NBC’s jingoistic joke

The network turns the games into an embarrassing spectacle, while the BBC covers what it's supposed to: Sports

Topics: Olympics, Summer Olympics 2012, Ryan Seacrest, Media Criticism,

NBC's jingoistic jokeRyan Seacrest

Every four years for as long as I can remember, I have turned on NBC’s Olympic coverage knowing exactly what to expect: patriotic graphics to make Stephen Colbert proud, Super Bowl-level commercials, inane banter, and introductory montages that explain which American, on a moral basis, deserves to win this backstroke final. The characters change but the narrative never does: This is the Olympics, a quadrennial contest between the heroes of Team USA and the vaguely sinister confederation of foreigners trying to steal their gold medals.

Now I live in London, where the BBC’s restrained, impartial and comprehensive coverage of the games in its backyard is nothing short of a revelation to a fan grown used to commentators who treat Chinese athletes like the Russian from “Rocky IV.” The difference is no less than that between Fox News and C-SPAN. One tells its audience exactly whom to root for; the other serves up raw judo and lets viewers decide how to feel about that.

The BBC’s advantage owes in part to its status as a public broadcaster spread across multiple channels. There’s BBC One, the 24-hour television mainstay that shows an NBC-like mix of news, intermittent live coverage of popular sports and Team GB-centric highlights of recent finals. As with the “Today” show, BBC One serves the nation as a source of inoffensive background noise for breakfasts and waiting room televisions. The real Olympic coverage happens on 24 dedicated, live, commercial-free HD channels, one for every scheduled sport. Archery has its own channel. So does badminton. And canoe slalom. Flip on BBC Olympics 6, for example, and you are inside the Aquatics Centre for every time trial, final and medal ceremony – even those not involving Ryan Lochte. With no time difference to contend with, events unfold in real time. The women’s gymnastics team final that every little girl in America begged to stay up to watch on Tuesday started at 4:25 p.m. in London and was over by dinnertime. Anyone who missed it could look up the results on the BBC’s website, because this is the year 2012. Female sprinters don’t run in wool dresses, and no one needs to stay up past midnight to find out who medaled 10 hours ago.



All this is free, except it’s not, because we paid for it when we bought the TV License that every U.K. household needs before it can legally turn on its television and whose proceeds fund the BBC. (For a color television, that’s $228 per year.) While there was no choreographed tribute to the TV Licensing Fee at the Opening Ceremonies, I find myself nearly as grateful for unlimited access to table tennis as I am for my family’s healthcare.

The public model of Olympic coverage is standard across Europe. Upon awarding the TV contract for the 2012 Games to the European Broadcasting Union – a collective of public broadcasters that includes the BBC – the International Olympic Commission announced that it had selected the union over the highest bidder to “ensure the promotion of Olympic values [and] achieve the widest possible audience.” For an American audience perhaps wondering where tape delay and Ryan Seacrest fit in that equation, NBC Sports chairman Mark Lazarus offers this rejoinder: “It’s not everyone’s inalienable right to get whatever they want.”

The sheer amount of Olympic airtime aside, what’s more impressive to this American viewer is what BBC does with it – namely, so very little. There are no interstitial background videos introducing the athletes. No clever editing tricks. No pre-recorded interviews with family members or lingering shots of nervous parents. (Is Michael Phelps’ mom even at the Olympics this year? How is it possible that I don’t know that?) Save for the occasional glimpses of Princes William and Harry, the camera rarely pans to the audience. The athletes are the stars of this show, and if this fails to capture your interest then perhaps you should not be watching live handball.

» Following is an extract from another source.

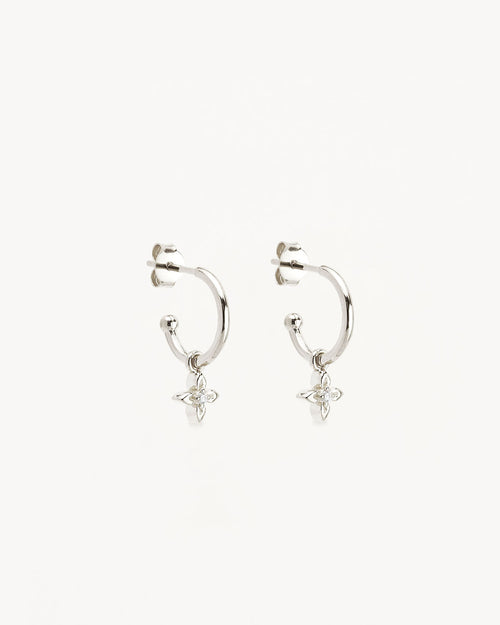 White Gold Vermeil Live in Light Hoop Earrings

The off-camera commentators also tread lightly, limiting their remarks to relevant sport-related facts with disappointingly few shout-outs to Borat and Idi Amin. Despite occasional nods to the pro-Team GB home crowd – “Listen to that noise!” – broadcasters remain impartial to a degree unfathomable by America’s cheerleading standards. One swimming announcer sheepishly apologized on air for audibly gasping – gasping! – during a particularly close heat. Reporters interview record breakers without regard to their nationality. Viewers get to see the emotion on a victorious athlete’s face as their flag raises – even if the accompanying anthem happens to be something other than “God Save the Queen.” It’s as if the network believes its audience is smart enough to follow the action without being told who the good guys are.

For despite the absence of feel-good music, contrived rivalries and syrupy back story, I feel no less invested in the success of Team USA. It is still thrilling to watch the world’s best athletes push each other toward excellence; it is still heartbreaking to watch a lifetime’s dream slip away. This tiny little island is a place of great storytellers, the best of whom long ago demonstrated that judicious restraint serves a narrative far better than a heavy-handed touch.

Corinne Purtill is a journalist based in London.